A dieci anni dall’Expo Milano si trova davanti a un bivio storico

Concludiamo le riflessioni a 10 anni da Expo, sui cambiamenti avvenuti, su quelli necessari. Oggi – a un decennio da quando “scelse il mondo” – la città si trova a un bivio storico. Può scegliere di essere una metropoli esclusiva, una vetrina lucente ma inaccessibile, dove il successo economico genera inevitabilmente esclusione sociale. Oppure può inventare un modello nuovo, dimostrando che l’eccellenza non richiede disuguaglianza, che l’innovazione può essere inclusiva, che la ricchezza può generare coesione invece che fratture.

Non è questione di ideologia ma di sostenibilità. Una città che espelle i suoi lavoratori essenziali, che non può ospitare chi la fa funzionare ogni giorno, è destinata a svuotarsi dall’interno. La bellezza senza vita diventa scenografia. La ricchezza senza comunità genera solitudine. L’efficienza senza umanità produce alienazione.

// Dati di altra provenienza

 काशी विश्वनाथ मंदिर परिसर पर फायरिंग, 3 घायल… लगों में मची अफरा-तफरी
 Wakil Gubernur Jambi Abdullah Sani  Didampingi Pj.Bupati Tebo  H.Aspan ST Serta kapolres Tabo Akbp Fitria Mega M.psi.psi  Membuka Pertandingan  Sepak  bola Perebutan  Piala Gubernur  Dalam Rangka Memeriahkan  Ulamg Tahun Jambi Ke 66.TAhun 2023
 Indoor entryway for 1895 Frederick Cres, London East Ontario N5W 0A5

Il nuovo Expo che serve è quello dell’anima urbana. Essere capitale morale, oggi, vuol dire saper essere il luogo dove le contraddizioni emergono prima e più nitide e vengono affrontate con coraggio. La vera innovazione per Milano sarebbe mostrare che si può competere globalmente senza perdere l’anima locale. Che l’attrattività internazionale può coesistere con la giustizia sociale. Che il dinamismo economico può alimentare, invece che erodere, il tessuto comunitario.

La posta in gioco è il futuro stesso del nostro vivere collettivo. 10 anni fa Milano spiegò come “nutrire il pianeta”. Oggi può dirci come far crescere insieme le persone.